Su formación académica fue escasa pero la vida se encargó de darle otra clase de sabiduría. Se convirtió en un autodidacta del mundo, un hombre que aprendió escuchando, observando y caminando los senderos de la provincia. Antes de que la música lo hiciera conocido, conoció el peso del trabajo y la dignidad de los oficios humildes: fue aserrador de madera, agricultor y chofer.

De trato amable, buen conversador y de mirada tranquila, parecía uno de esos hombres que llevan historias guardadas detrás de cada silencio. En las letras de Máximo Movil habitan la bohemia, el amor, las mujeres y la parranda. Se destacó entre los grandes cultores del merengue: uno de los cuatro aires fundamentales de la música vallenata, un aire que, con el paso del tiempo, los nuevos exponentes del género graban cada vez menos, como si la modernidad fuera olvidando uno de los latidos más alegres del vallenato.

La historia lo registra también como ganador del Primer Festival de Compositores de Música Vallenata en San Juan del Cesar, en el año 1977, con el tema “Penas de mi tierra”, una canción que parecía contener la nostalgia profunda de un compositor que convirtió la vida sencilla en eternidad cantada.

Su destino dentro del vallenato comenzó a abrirse cuando el primer Rey de Reyes de la Leyenda Vallenata, Nicolás «Colacho» Mendoza, le grabó su primera canción titulada «Cecilia Mercedes»: un encuentro mágico que despertó el interés de otra luminaria del universo vallenato, el maestro Alfredo Gutiérrez Vital, el tres veces Rey Vallenato con su acordeón maravilloso le dio vida a “Mujeres que me dejaron”, la segunda canción que lo llevó a conquistar el corazón de los vallenateros.
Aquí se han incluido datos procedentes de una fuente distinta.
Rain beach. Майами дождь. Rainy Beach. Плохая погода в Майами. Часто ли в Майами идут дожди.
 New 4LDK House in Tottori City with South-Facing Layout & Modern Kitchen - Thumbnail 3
A partir de ese momento su obra empezó a recorrer el país en las voces de algunos de los intérpretes más grandes de esta expresión musical, como Jorge Oñate, Diomedes Díaz, Poncho Zuleta, Beto Zabaleta, Iván Villazón, Rafael Orozco, Miguel Herrera, Silvio Brito, Elías Rosado, Juan Piña, entre muchos otros que encontraron en su inspiración un caudal de historias para cantar.

De su pluma nacieron composiciones que hoy forman parte del repertorio sentimental del vallenato: ‘Aunque sufriendo te olvido’, ‘El firme’, ‘La vecina’, ‘Gallo de riña’, ‘Mujer conforme’, ‘El errante’, ‘Viernes cultural’, ‘Mujeres de mi recuerdo’, ‘El gallo chino’, ‘La vida del artista’, ‘El sobrecito’, ‘Presentimiento’, ‘Que me mate el dolor»,  ‘Pedacito de mi cielo’, ‘Mensaje aventurero’, ‘Mi huerto’, ‘El pájaro pescador’, ‘Cecilia Mercedes’, ‘Pulso a pulso’, ‘El visitante’, ‘Ni lo intentes’, Compartiendo un pena, ‘De fiesta mi pueblo’, ‘Así es como vivo yo’, entre muchas otras canciones donde el amor, la nostalgia y la vida de la región quedaron sembradas para siempre en la memoria musical de Colombia.

Este poeta popular con su escasa formación académica pero con inmensa sabiduría vital, convirtió la vida cotidiana en un cancionero eterno. Sus obras musicales, nacidas del campo, la calle, el entorno y el corazón, son aplaudidas y admiradas porque hablan con la voz honesta y auténtica del terruño. Demostrando que la verdadera poesía muchas veces no reside en las aulas sino en el sentimiento.

Máximo fue uno de esos compositores que no aprendieron poesía en los libros, lo hizo en el trasegar de la vida misma. Sus versos nacieron de la conversación de la gente de las historias contadas en las parrandas y de esa sensibilidad que solo poseen quienes saben escuchar el alma del entorno que lo rodea.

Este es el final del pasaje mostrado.